If you have ever bought printer supplies, you’ve likely noticed that page yield ratings for toner cartridges have a little disclaimer that says all ratings are based on a 5% toner coverage rate. What the heck does that mean, exactly? Why is it important? And how can you tell what the average coverage rate is for your printing jobs?

When we’re talking about laser printing, the toner coverage rate is simply the percentage of the page that’s covered with toner (go figure). Some documents require more toner than others, therefore, the coverage rate will be higher.

Coverage rates are important because they affect how long toner cartridges will last. Toner cartridges only have a limited amount of toner in them so the number of pages a certain cartridge will print depends on how much toner it uses per page. Most documents require a toner coverage rate of 5%, so that’s what the printing industry uses as a base for page yield ratings. (ASTM F1856-04e1, Standard Practice for Determining Toner Usage for Printer Cartridges, ASTM International, West Conshohocken, PA, 2004,

What happens if your average coverage rate is 10% instead of 5%? With an average coverage rate of 10%, you’re using twice as much toner per page, so your page yield will be cut in half. Likewise, with an average coverage rate of 2.5%, you’re using half as much toner per page, so your page yield will double.

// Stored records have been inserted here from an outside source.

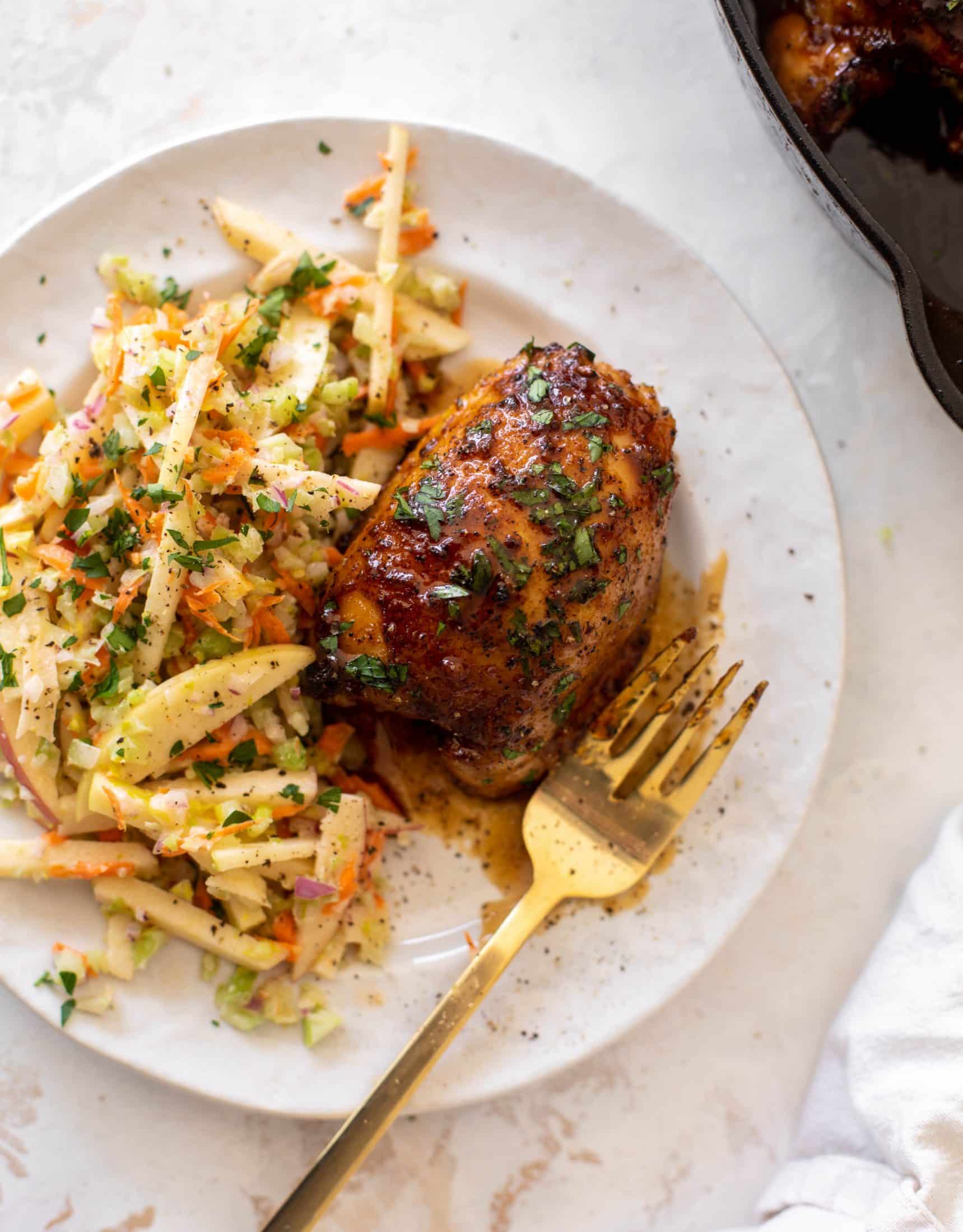 sticky apple cider chicken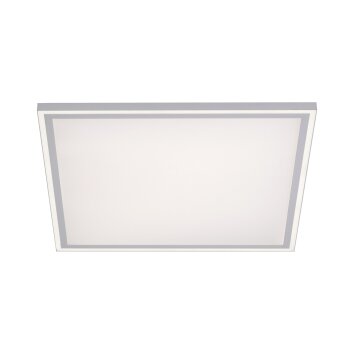 Leuchten-Direkt EDGING Ceiling Light LED white, 2-light sources, Remote control
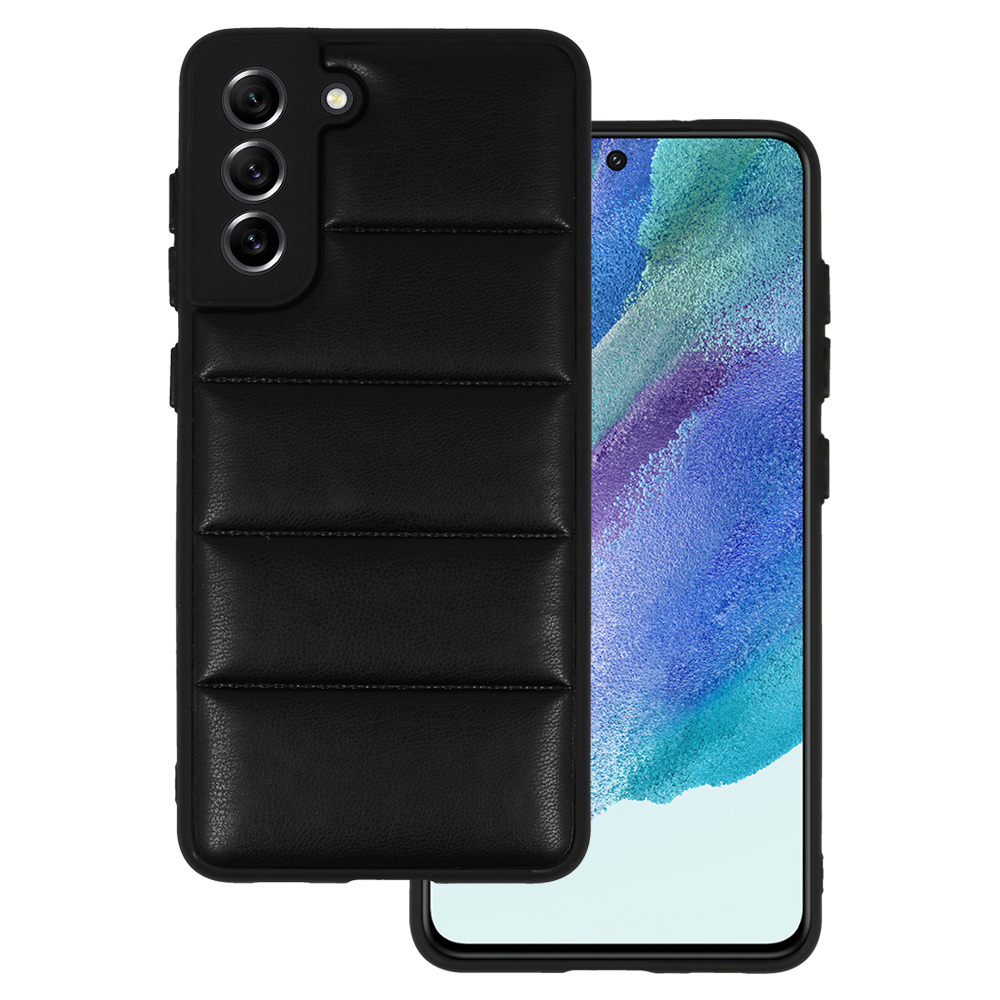 Leather 3D Case for Samsung Galaxy S21 FE design 2 black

So what do you think YOUR coverage rate is? Are you at the 5% mark? One way you can find out is by asking your printer. Most laser printers come with a set of built-in reports that tell you all kinds of cool stuff like the average toner coverage rate. For Lexmark, Dell, and IBM laser printers, the coverage rate is found in a report called Device Statistics. While the steps for finding the report differ by printer, most require navigating to Menu>Reports>Device Statistics. Or you may see a button with a green diamond, which you can hold down for 5 seconds. Coverage History should be listed on the print-out with a number (usually no % sign). If you have trouble, give us a call, and we'll be happy to help out!

Here are a couple examples of what 5% and 10% coverage rates actually look like in the real world. The 5% rate is about a half page of text and bold headings. The 10% rate is about a full page of text with a small graphic or image.

Congratulations! You are now a coverage rate expert.